Because the cross-statistic covariance $B$ couples the two estimators. The variance estimator $\hat{V}_{\text{GACV}}$ can absorb signal from the mean estimators of all groups whenever $B \neq 0$ — the optimal weights Equation 1 couple the two blocks. This is the same mechanism as the multi-output ACV gain (Multi-Output ACV Concept), applied to statistics rather than QoIs.

Concretely: when LF model variance estimates have non-zero cross-covariance with HF model mean estimates (as is typical for real model ensembles), the joint estimator’s variance for $\sigma_0^2$ is strictly less than the standalone variance-only estimator’s variance. The mean estimator’s variance is also improved or unchanged — never worse.

The gain is zero only in the degenerate case $B \equiv 0$ (the joint distribution of model outputs is such that mean and variance estimators are uncorrelated across models). For physically meaningful ensembles this essentially never holds; there is always a strict gain.

What This Looks Like Numerically

Figure 1 compares standalone estimation against joint mean+variance estimation on the polynomial five-model benchmark at budget $P = 500$, using both all $2^M - 1$ subsets and the smaller MLMC-style consecutive-pair subsets (with BLUE-optimal weights, not fixed $-1$). The pilot quantities $\boldsymbol{\Sigma}$, $W$, and $B$ are computed via exact Gauss quadrature on the known polynomial model functions, eliminating pilot sampling noise from the comparison.

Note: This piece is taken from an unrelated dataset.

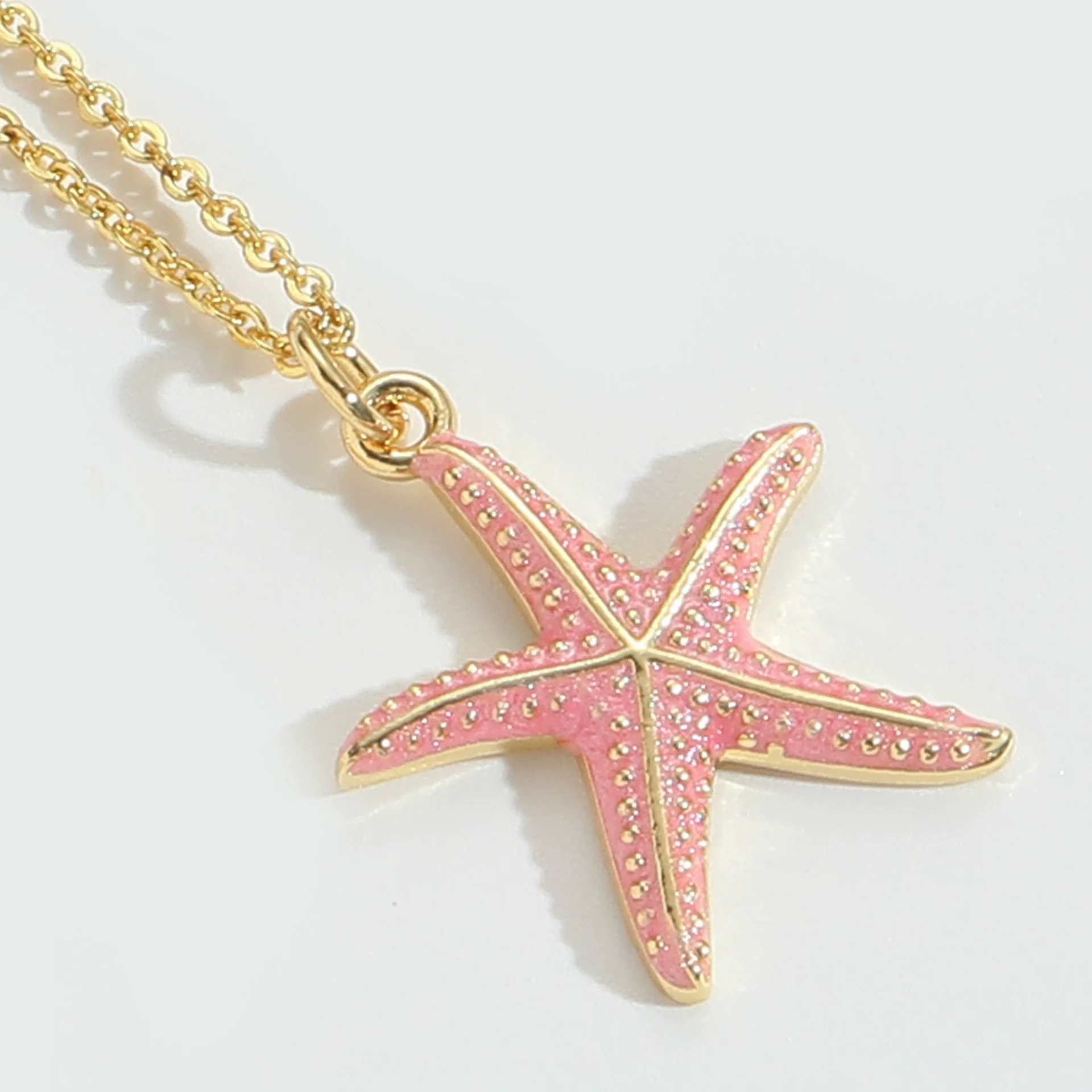 Wholesale Jewelry Retro Style Starfish Pendant Necklace Copper Electroplating Mixed Gemstone Setting O Chain For Women - Image 5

Figure 1: Variance reduction (estimator variance / MC variance, lower is better) at $P = 500$. **Standalone** optimizes for each statistic independently; **Joint** optimizes for mean+variance simultaneously (minimizing log-det of the joint covariance). Both all $2^M{-}1$ subsets and MLMC-style consecutive-pair subsets (with BLUE-optimal weights, not fixed $-1$) are shown. **(a, b)** Mean and variance components (4 bars each). **(c)** Determinant of the joint covariance evaluated at each allocation separately (6 bars). Standalone mean and variance use different allocations, so we evaluate det(Cov) at the mean-only allocation, the variance-only allocation, and the joint allocation for each subset configuration. The joint allocation achieves the lowest determinant because it directly minimizes this quantity.

Three patterns to notice:

Joint estimation helps both statistics. In panels (a) and (b), the joint estimator achieves lower variance for both the mean and the variance component compared to standalone estimation with the same subsets.
The gain comes from the cross-statistic covariance $B$. When LF model variance estimates have non-zero cross-covariance with HF model mean estimates, the joint estimator can absorb signal that standalone estimation discards. This is the multi-output gain pattern from Multi-Output ACV Concept, applied across statistics rather than across QoIs.
The determinant reveals the joint objective. Panel (c) evaluates $\det(\mathrm{Cov})$ of the joint estimator covariance at each allocation separately. Standalone mean and standalone variance use different allocations, so we show what happens when the joint covariance is evaluated at the mean-only allocation, the variance-only allocation, and the joint allocation. The joint allocation achieves the lowest determinant because it directly minimizes this quantity, exploiting the $B$-matrix coupling.

Allocation Target vs Report Target

The previous figure compared standalone estimation (allocating and reporting a single statistic) against joint estimation (allocating for mean+variance simultaneously and reporting a component). A sharper question: what happens if you allocate for one statistic and report another? This is a problem-formulation question rather than an optimizer-tactics one (see the callout in Group ACV Optimization for the distinction).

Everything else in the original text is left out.